**Exercise instructions**
Only the pictures are to be dropped; the rest of the data below is to be duplicated exactly.
++++++++
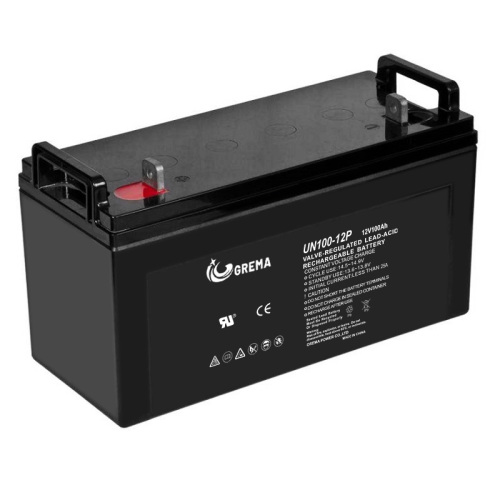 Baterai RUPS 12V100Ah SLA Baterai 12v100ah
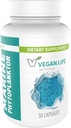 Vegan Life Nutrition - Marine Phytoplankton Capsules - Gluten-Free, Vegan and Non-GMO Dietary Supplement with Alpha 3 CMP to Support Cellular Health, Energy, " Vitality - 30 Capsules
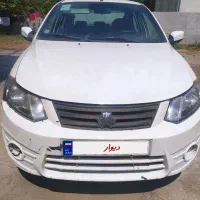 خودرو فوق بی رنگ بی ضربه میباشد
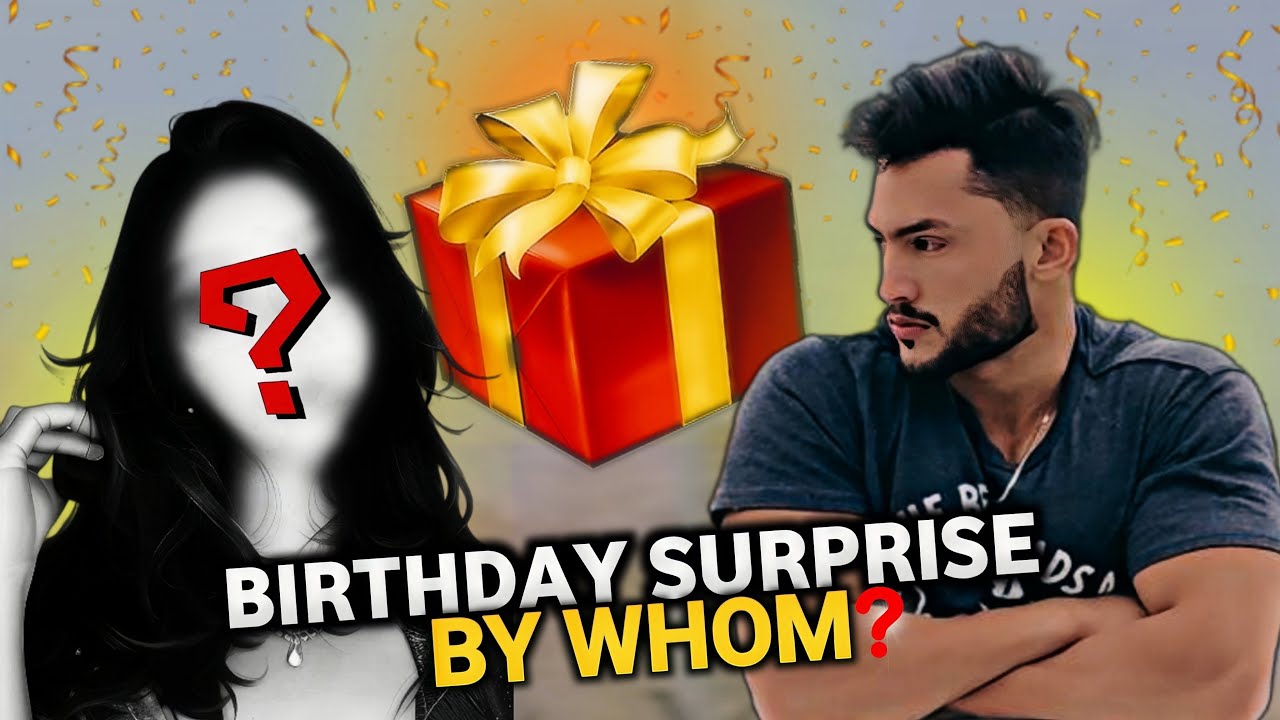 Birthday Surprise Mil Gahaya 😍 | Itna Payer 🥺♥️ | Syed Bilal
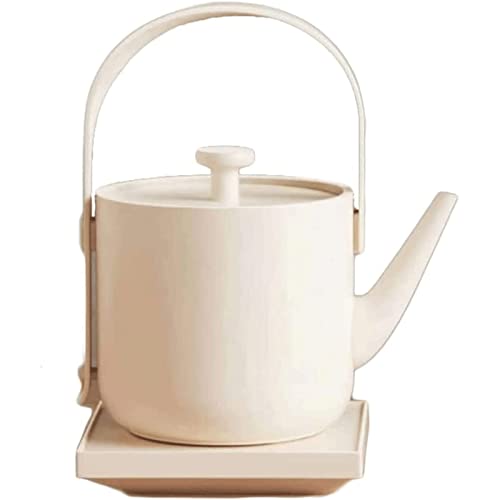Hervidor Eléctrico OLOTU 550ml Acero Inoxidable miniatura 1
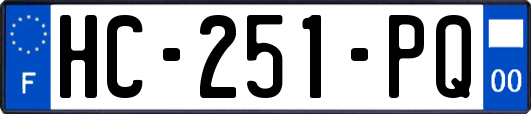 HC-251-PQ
++++++++
**Response**
 Baterai RUPS 12V100Ah SLA Baterai 12v100ah
 Vegan Life Nutrition - Marine Phytoplankton Capsules - Gluten-Free, Vegan and Non-GMO Dietary Supplement with Alpha 3 CMP to Support Cellular Health, Energy, " Vitality - 30 Capsules
 خودرو فوق بی رنگ بی ضربه میباشد
 Birthday Surprise Mil Gahaya 😍 | Itna Payer 🥺♥️ | Syed Bilal
Hervidor Eléctrico OLOTU 550ml Acero Inoxidable miniatura 1
 HC-251-PQ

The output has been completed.